Crawled caption data:
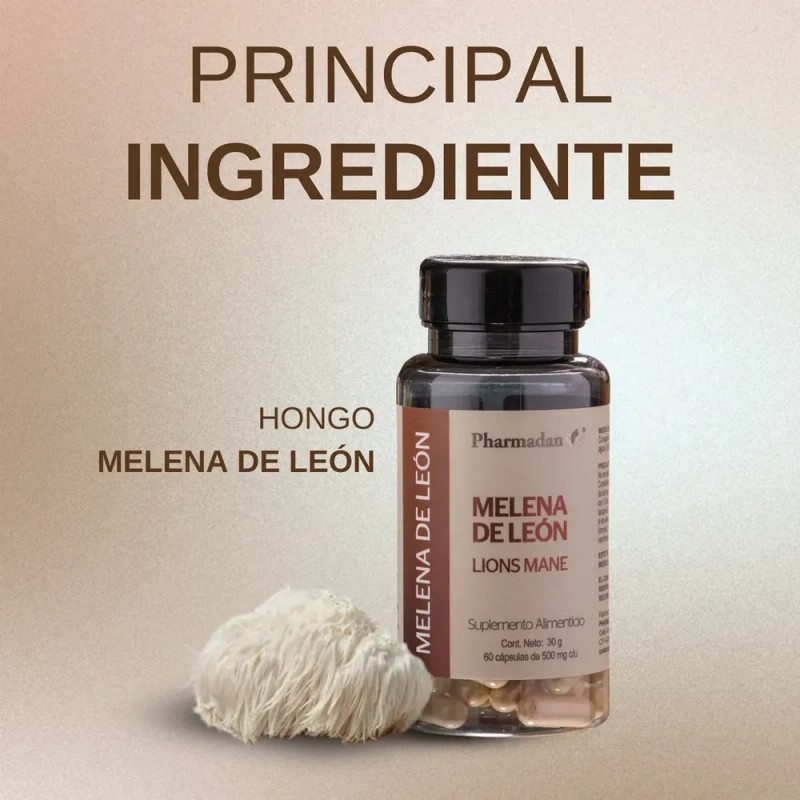 Melena De Leon Lions Mane Pharmadan 60 Caps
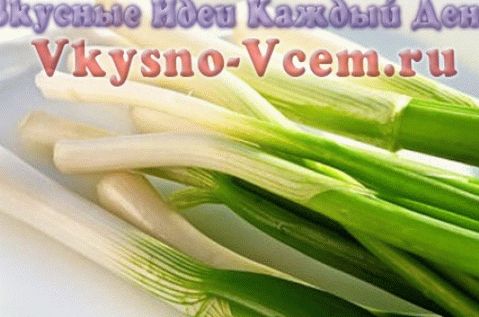 Harvesting green onions for the winter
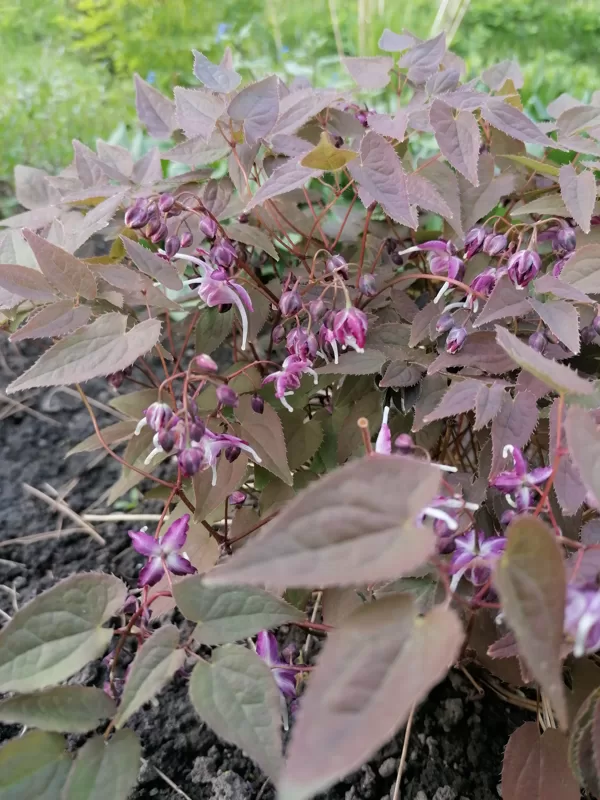 Epimedium grandiflorum Queen Esta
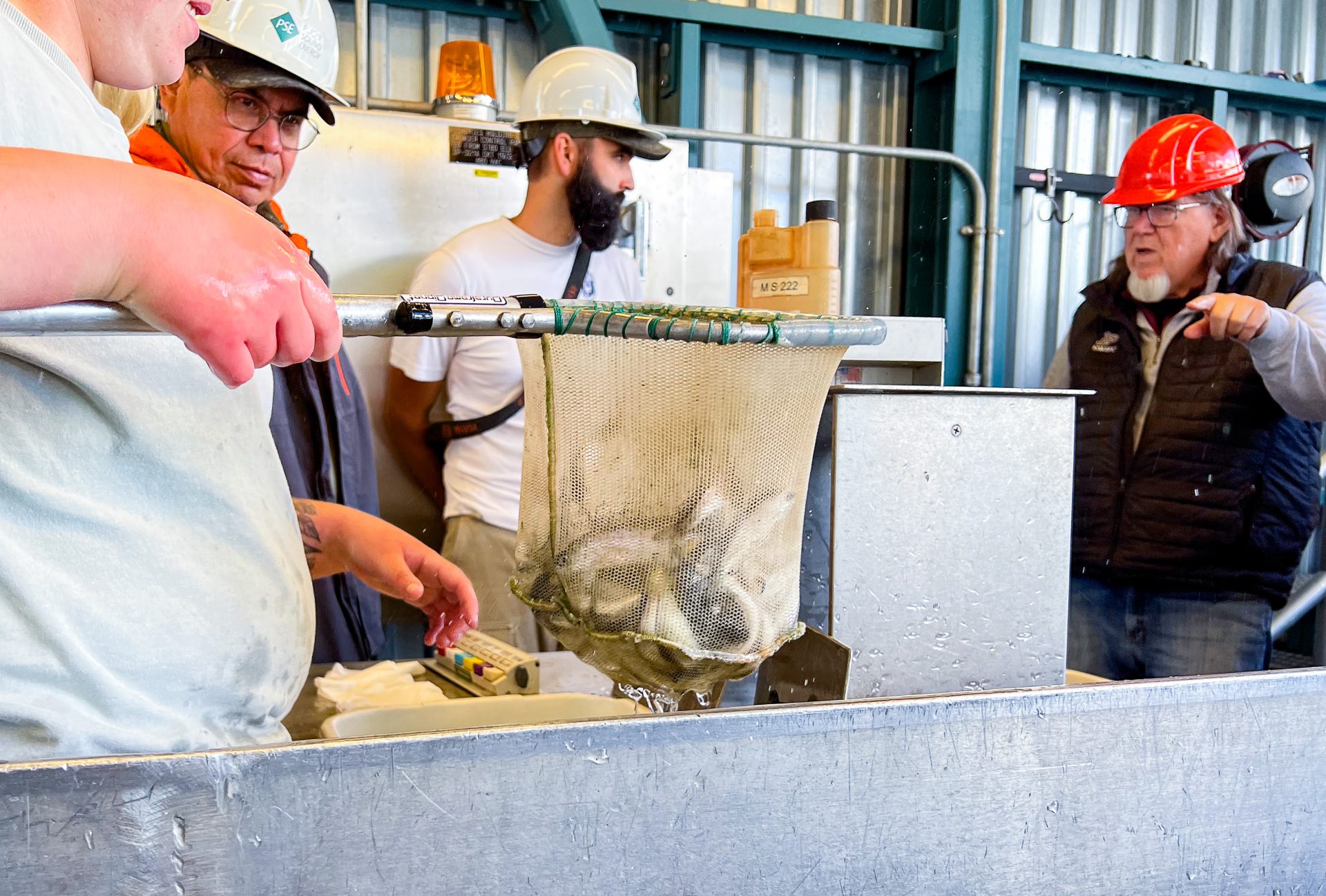 Baker River sockeye program a model for fish passage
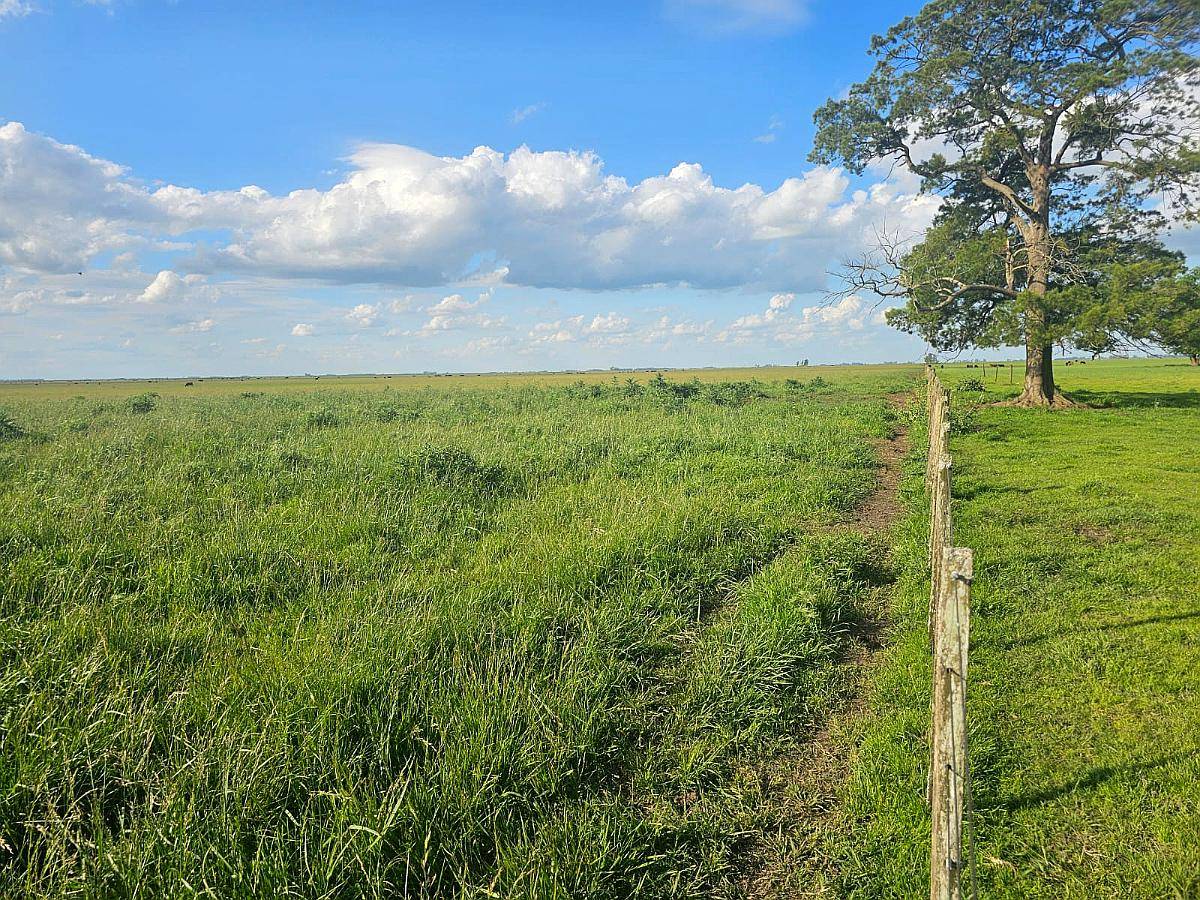 Campo Ganadero Sobre Ruta Pila 260 Ha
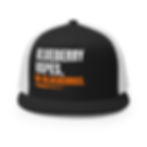 Thumbnail: Blueberry Vapes, No Blueberries | Trucker Cap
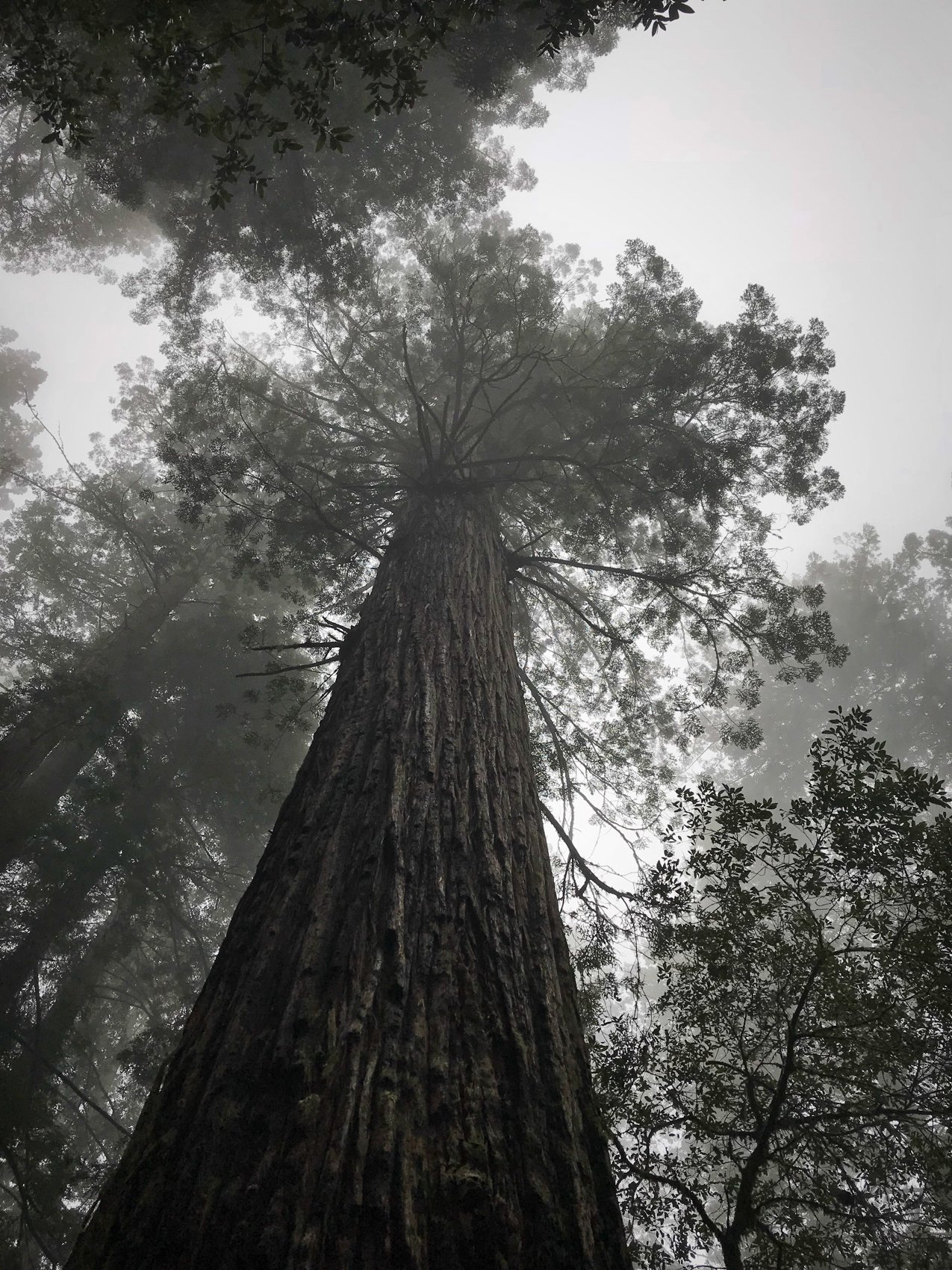 Redwood National Park, California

— Prompt —
If a line falls between the one containing "Epimedium grandiflorum Queen Esta" and the last line of the entries above, both included, reproduce it exactly; leave the pictures out.

— Exercise response —
 Epimedium grandiflorum Queen Esta
 Baker River sockeye program a model for fish passage
 Campo Ganadero Sobre Ruta Pila 260 Ha
 Thumbnail: Blueberry Vapes, No Blueberries | Trucker Cap
 Redwood National Park, California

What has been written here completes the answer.